> _Work order_: While copying the entries exactly, leave out each picture they contain.

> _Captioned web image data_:

===============

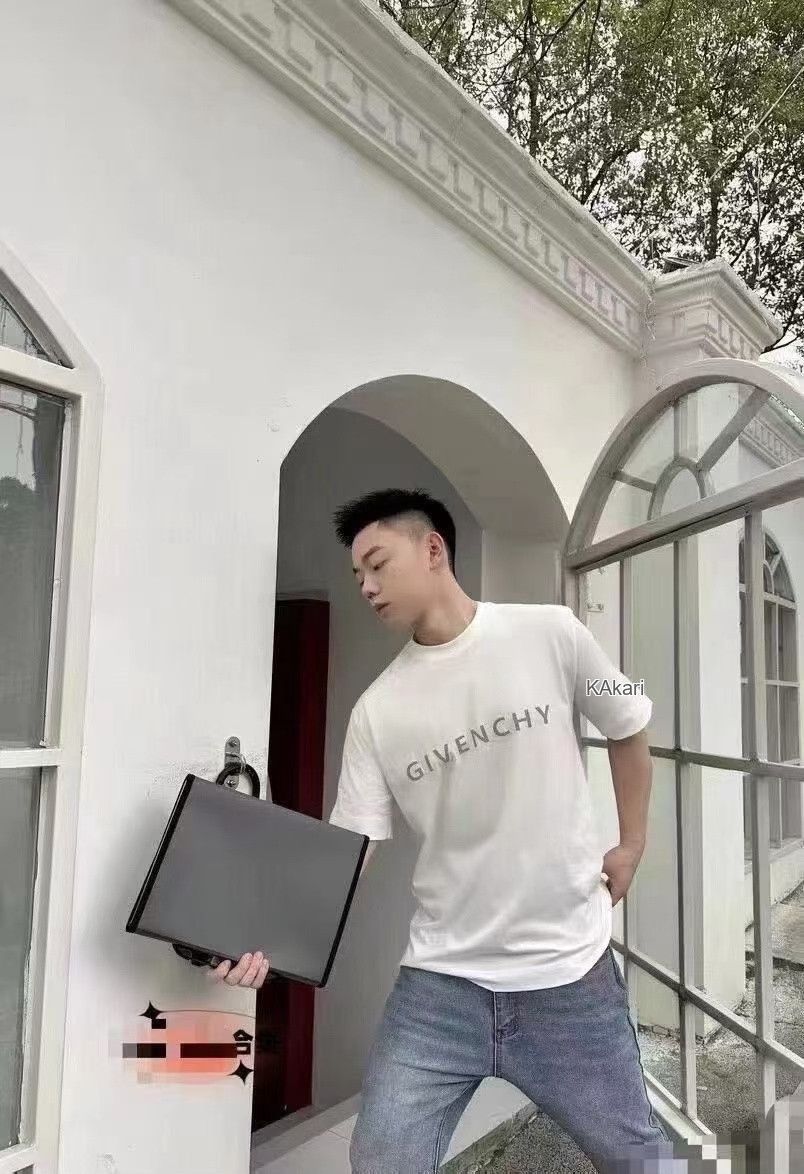 Givenchy Givenchy 3M Reflective Logo Short Sleeve T-shirt Size US S / EU 44-46 / 1 - 4 Thumbnail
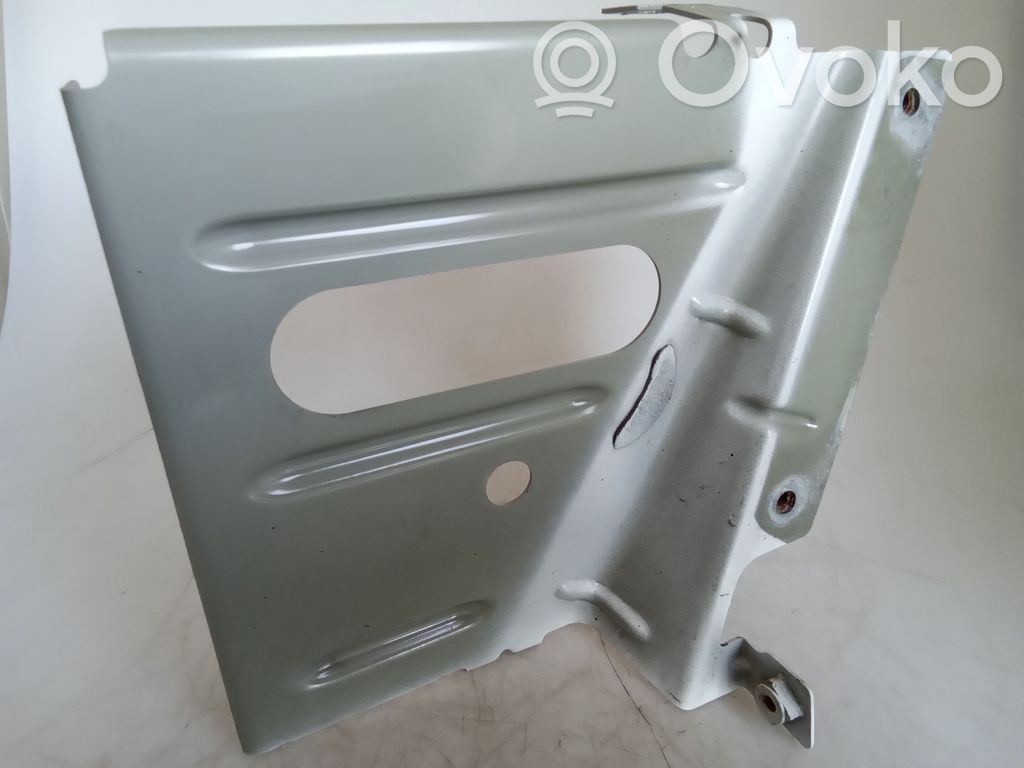 Opel Movano B Uchwyt / Mocowanie błotnika przedniego 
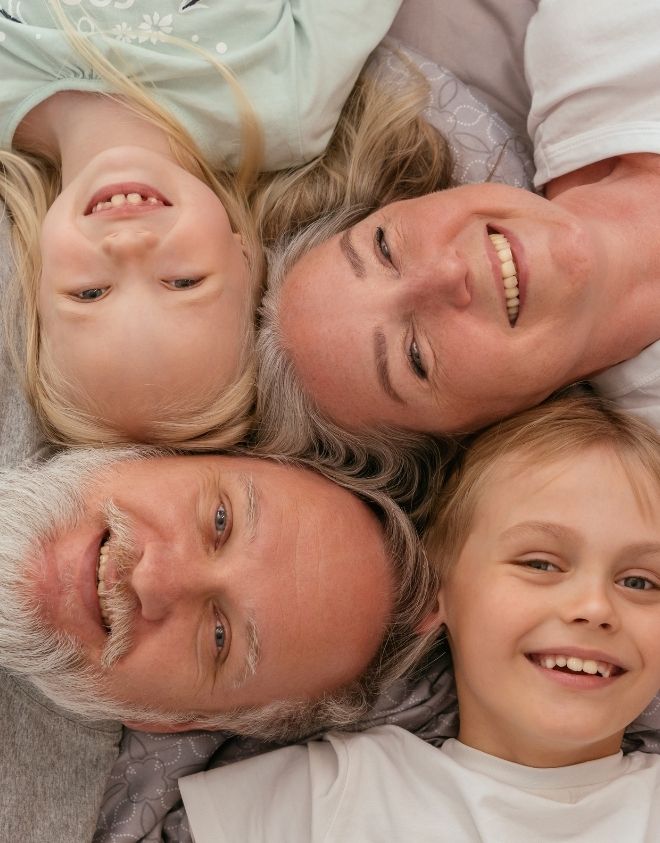 Wer frühzeitig für die Zukunft seiner Kinder und Enkel vorsorgt, legt das Fundament für eine stabile und sorgenfreie finanzielle Basis.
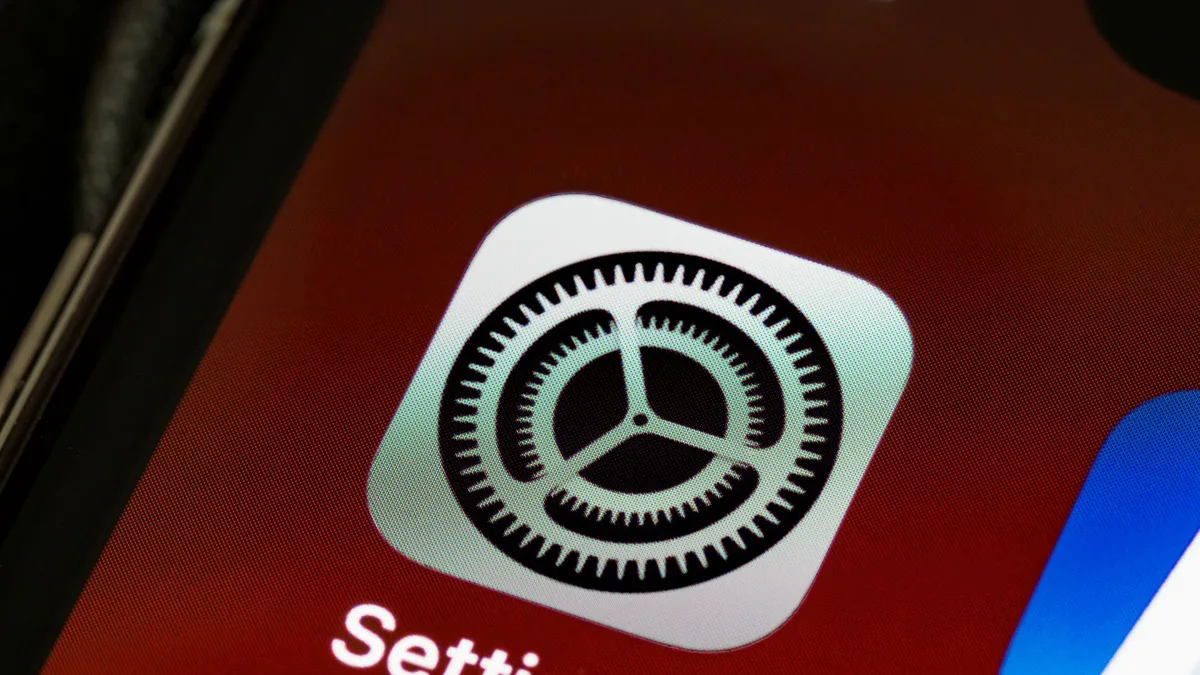 Bir mobil uygulamanın konum izinleri yönetim ekranının yakın plan görünümü.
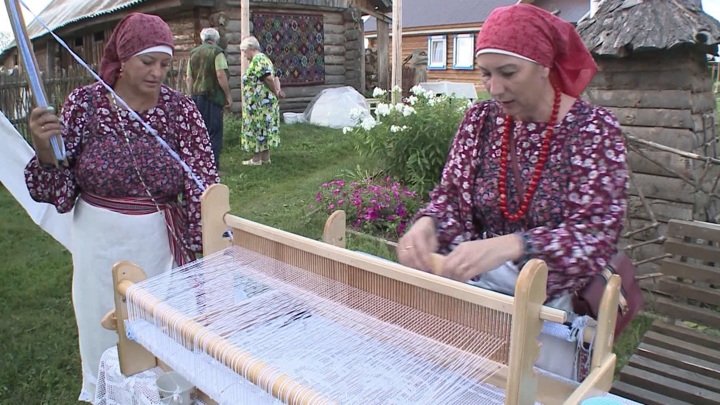 Новости культуры. В Киясовском районе проходит межрегиональный фестиваль ручного ткачества "Кросна"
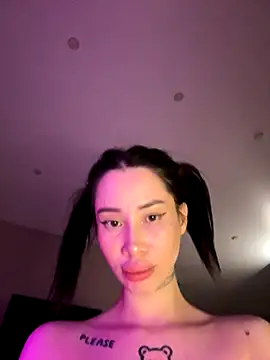 Yunasi online show from November 2025 01:34:02 PM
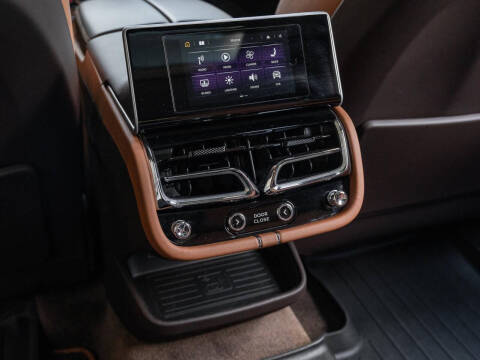 2023 Bentley Bentayga EWB V8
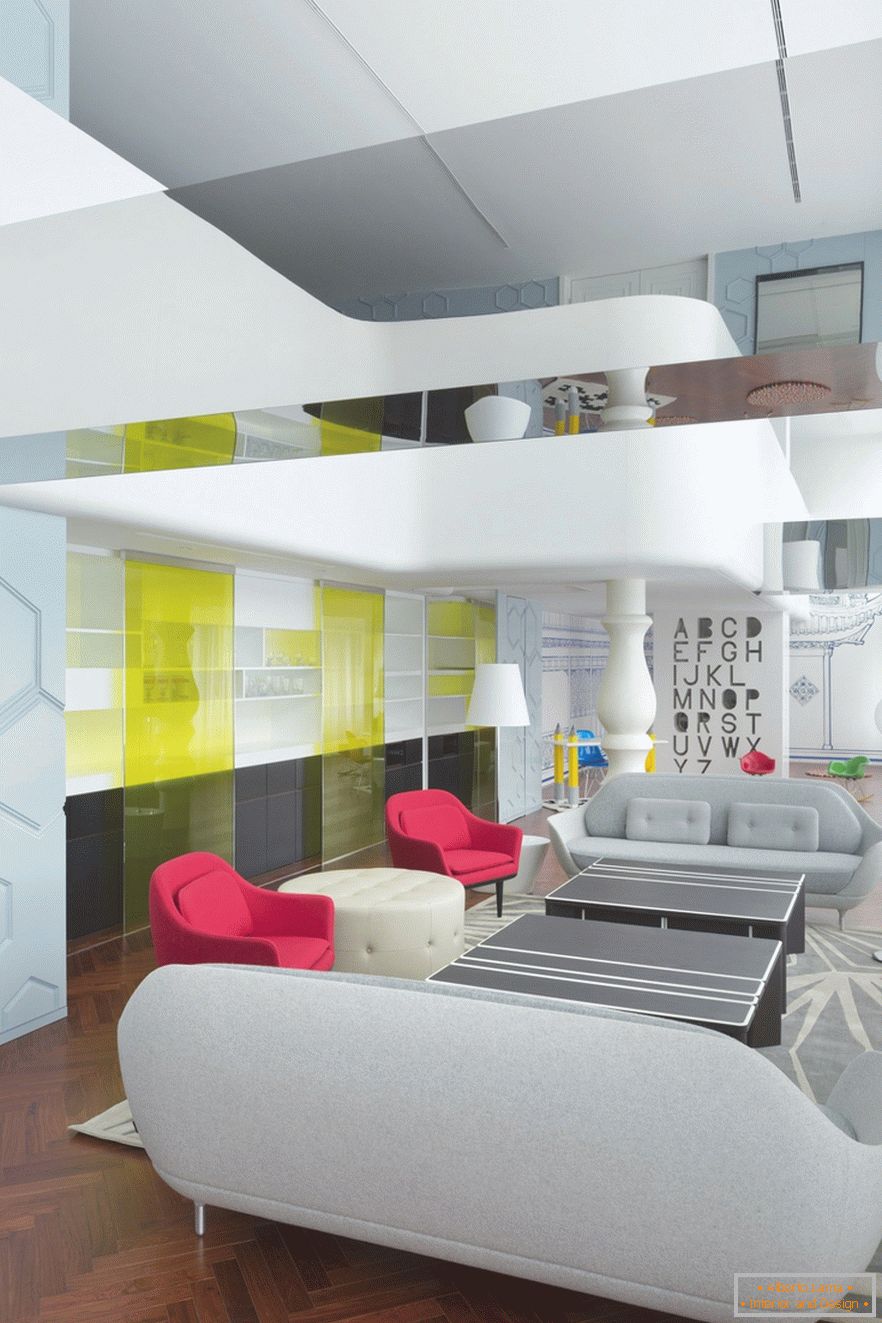 Egy elegáns stúdió apartman nappalija Pekingben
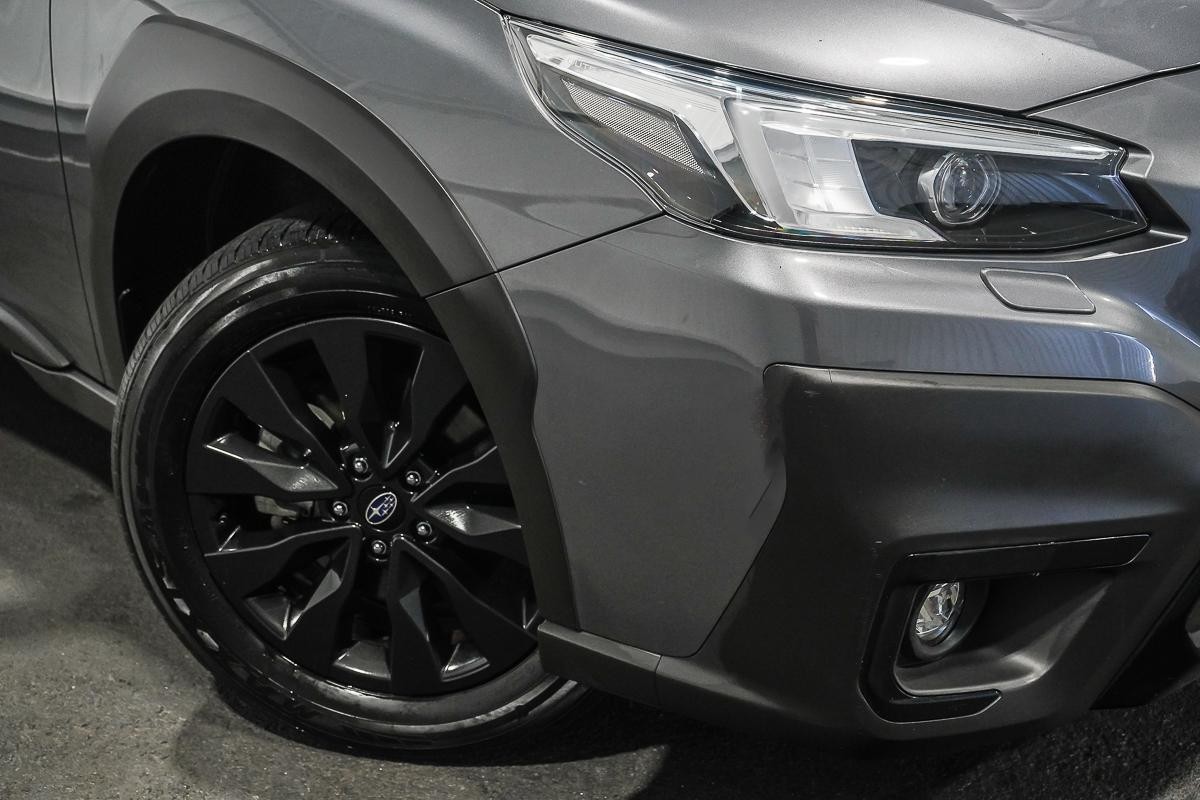 Subaru Outback image 2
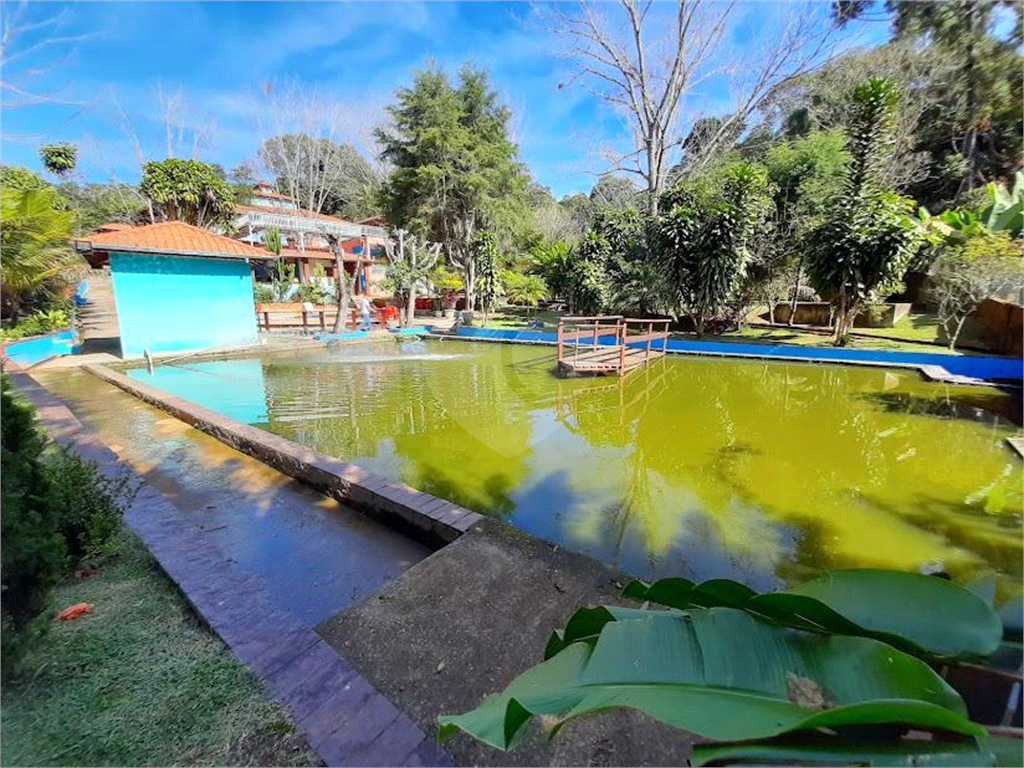 Sitio Pousada Espaço Canada Com todo conforto e lazer completo contando com 80vagas de veículos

===============

> _Answer to the problem_:
 Givenchy Givenchy 3M Reflective Logo Short Sleeve T-shirt Size US S / EU 44-46 / 1 - 4 Thumbnail
 Opel Movano B Uchwyt / Mocowanie błotnika przedniego 
 Wer frühzeitig für die Zukunft seiner Kinder und Enkel vorsorgt, legt das Fundament für eine stabile und sorgenfreie finanzielle Basis.
 Bir mobil uygulamanın konum izinleri yönetim ekranının yakın plan görünümü.
 Новости культуры. В Киясовском районе проходит межрегиональный фестиваль ручного ткачества "Кросна"
 Yunasi online show from November 2025 01:34:02 PM
 2023 Bentley Bentayga EWB V8
 Egy elegáns stúdió apartman nappalija Pekingben
 Subaru Outback image 2
 Sitio Pousada Espaço Canada Com todo conforto e lazer completo contando com 80vagas de veículos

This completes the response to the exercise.